Task requirements: Retype each record exactly.

Exercise data:

⟨

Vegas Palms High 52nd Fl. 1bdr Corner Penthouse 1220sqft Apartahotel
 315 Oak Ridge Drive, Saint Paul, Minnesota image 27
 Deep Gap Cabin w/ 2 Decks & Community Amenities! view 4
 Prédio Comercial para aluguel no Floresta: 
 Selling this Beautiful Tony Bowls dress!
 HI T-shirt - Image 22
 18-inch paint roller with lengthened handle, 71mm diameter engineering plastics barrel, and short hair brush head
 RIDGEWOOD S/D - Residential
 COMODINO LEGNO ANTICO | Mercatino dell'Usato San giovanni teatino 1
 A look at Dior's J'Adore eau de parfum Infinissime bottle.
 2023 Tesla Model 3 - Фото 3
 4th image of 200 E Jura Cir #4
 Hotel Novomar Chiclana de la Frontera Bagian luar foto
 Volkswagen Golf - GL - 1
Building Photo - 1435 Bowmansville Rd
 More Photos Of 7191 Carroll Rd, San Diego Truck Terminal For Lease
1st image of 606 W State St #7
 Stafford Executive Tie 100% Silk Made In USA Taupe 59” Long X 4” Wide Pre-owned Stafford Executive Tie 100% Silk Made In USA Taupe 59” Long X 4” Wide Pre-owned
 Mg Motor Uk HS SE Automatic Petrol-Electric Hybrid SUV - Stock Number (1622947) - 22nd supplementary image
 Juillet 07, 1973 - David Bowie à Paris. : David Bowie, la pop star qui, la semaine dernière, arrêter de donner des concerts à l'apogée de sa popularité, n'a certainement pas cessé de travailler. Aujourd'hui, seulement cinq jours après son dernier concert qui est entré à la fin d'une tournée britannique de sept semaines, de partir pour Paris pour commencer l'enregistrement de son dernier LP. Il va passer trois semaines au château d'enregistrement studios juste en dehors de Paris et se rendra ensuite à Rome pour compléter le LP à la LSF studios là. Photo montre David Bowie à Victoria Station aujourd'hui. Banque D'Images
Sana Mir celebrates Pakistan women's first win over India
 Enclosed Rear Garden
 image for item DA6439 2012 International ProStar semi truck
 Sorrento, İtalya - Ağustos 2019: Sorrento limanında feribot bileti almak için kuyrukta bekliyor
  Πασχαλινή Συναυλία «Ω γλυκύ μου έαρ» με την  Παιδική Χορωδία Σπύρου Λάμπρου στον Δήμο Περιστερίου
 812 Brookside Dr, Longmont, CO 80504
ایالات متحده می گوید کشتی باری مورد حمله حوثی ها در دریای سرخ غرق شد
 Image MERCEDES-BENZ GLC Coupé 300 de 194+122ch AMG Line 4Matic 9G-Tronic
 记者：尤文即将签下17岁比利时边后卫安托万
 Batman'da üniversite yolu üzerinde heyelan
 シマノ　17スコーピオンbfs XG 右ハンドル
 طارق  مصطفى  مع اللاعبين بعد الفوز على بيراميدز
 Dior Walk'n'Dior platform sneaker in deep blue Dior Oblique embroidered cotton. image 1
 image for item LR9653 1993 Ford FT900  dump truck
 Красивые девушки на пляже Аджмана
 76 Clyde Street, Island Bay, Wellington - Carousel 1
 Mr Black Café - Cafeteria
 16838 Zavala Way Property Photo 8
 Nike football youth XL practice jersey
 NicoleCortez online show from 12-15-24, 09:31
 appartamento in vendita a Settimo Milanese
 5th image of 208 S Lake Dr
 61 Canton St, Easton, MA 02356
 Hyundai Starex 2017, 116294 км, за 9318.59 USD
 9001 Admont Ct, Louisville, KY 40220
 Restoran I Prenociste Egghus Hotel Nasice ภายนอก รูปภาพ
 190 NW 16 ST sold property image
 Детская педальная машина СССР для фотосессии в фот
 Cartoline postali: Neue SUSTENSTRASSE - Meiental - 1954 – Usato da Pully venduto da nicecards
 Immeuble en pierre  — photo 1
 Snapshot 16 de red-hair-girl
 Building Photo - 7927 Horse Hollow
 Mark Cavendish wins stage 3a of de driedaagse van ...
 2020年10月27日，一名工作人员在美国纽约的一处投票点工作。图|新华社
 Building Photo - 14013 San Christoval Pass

⟩

Finished task:
Vegas Palms High 52nd Fl. 1bdr Corner Penthouse 1220sqft Apartahotel
 315 Oak Ridge Drive, Saint Paul, Minnesota image 27
 Deep Gap Cabin w/ 2 Decks & Community Amenities! view 4
 Prédio Comercial para aluguel no Floresta: 
 Selling this Beautiful Tony Bowls dress!
 HI T-shirt - Image 22
 18-inch paint roller with lengthened handle, 71mm diameter engineering plastics barrel, and short hair brush head
 RIDGEWOOD S/D - Residential
 COMODINO LEGNO ANTICO | Mercatino dell'Usato San giovanni teatino 1
 A look at Dior's J'Adore eau de parfum Infinissime bottle.
 2023 Tesla Model 3 - Фото 3
 4th image of 200 E Jura Cir #4
 Hotel Novomar Chiclana de la Frontera Bagian luar foto
 Volkswagen Golf - GL - 1
Building Photo - 1435 Bowmansville Rd
 More Photos Of 7191 Carroll Rd, San Diego Truck Terminal For Lease
1st image of 606 W State St #7
 Stafford Executive Tie 100% Silk Made In USA Taupe 59” Long X 4” Wide Pre-owned Stafford Executive Tie 100% Silk Made In USA Taupe 59” Long X 4” Wide Pre-owned
 Mg Motor Uk HS SE Automatic Petrol-Electric Hybrid SUV - Stock Number (1622947) - 22nd supplementary image
 Juillet 07, 1973 - David Bowie à Paris. : David Bowie, la pop star qui, la semaine dernière, arrêter de donner des concerts à l'apogée de sa popularité, n'a certainement pas cessé de travailler. Aujourd'hui, seulement cinq jours après son dernier concert qui est entré à la fin d'une tournée britannique de sept semaines, de partir pour Paris pour commencer l'enregistrement de son dernier LP. Il va passer trois semaines au château d'enregistrement studios juste en dehors de Paris et se rendra ensuite à Rome pour compléter le LP à la LSF studios là. Photo montre David Bowie à Victoria Station aujourd'hui. Banque D'Images
Sana Mir celebrates Pakistan women's first win over India
 Enclosed Rear Garden
 image for item DA6439 2012 International ProStar semi truck
 Sorrento, İtalya - Ağustos 2019: Sorrento limanında feribot bileti almak için kuyrukta bekliyor
  Πασχαλινή Συναυλία «Ω γλυκύ μου έαρ» με την  Παιδική Χορωδία Σπύρου Λάμπρου στον Δήμο Περιστερίου
 812 Brookside Dr, Longmont, CO 80504
ایالات متحده می گوید کشتی باری مورد حمله حوثی ها در دریای سرخ غرق شد
 Image MERCEDES-BENZ GLC Coupé 300 de 194+122ch AMG Line 4Matic 9G-Tronic
 记者：尤文即将签下17岁比利时边后卫安托万
 Batman'da üniversite yolu üzerinde heyelan
 シマノ　17スコーピオンbfs XG 右ハンドル
 طارق  مصطفى  مع اللاعبين بعد الفوز على بيراميدز
 Dior Walk'n'Dior platform sneaker in deep blue Dior Oblique embroidered cotton. image 1
 image for item LR9653 1993 Ford FT900  dump truck
 Красивые девушки на пляже Аджмана
 76 Clyde Street, Island Bay, Wellington - Carousel 1
 Mr Black Café - Cafeteria
 16838 Zavala Way Property Photo 8
 Nike football youth XL practice jersey
 NicoleCortez online show from 12-15-24, 09:31
 appartamento in vendita a Settimo Milanese
 5th image of 208 S Lake Dr
 61 Canton St, Easton, MA 02356
 Hyundai Starex 2017, 116294 км, за 9318.59 USD
 9001 Admont Ct, Louisville, KY 40220
 Restoran I Prenociste Egghus Hotel Nasice ภายนอก รูปภาพ
 190 NW 16 ST sold property image
 Детская педальная машина СССР для фотосессии в фот
 Cartoline postali: Neue SUSTENSTRASSE - Meiental - 1954 – Usato da Pully venduto da nicecards
 Immeuble en pierre  — photo 1
 Snapshot 16 de red-hair-girl
 Building Photo - 7927 Horse Hollow
 Mark Cavendish wins stage 3a of de driedaagse van ...
 2020年10月27日，一名工作人员在美国纽约的一处投票点工作。图|新华社
 Building Photo - 14013 San Christoval Pass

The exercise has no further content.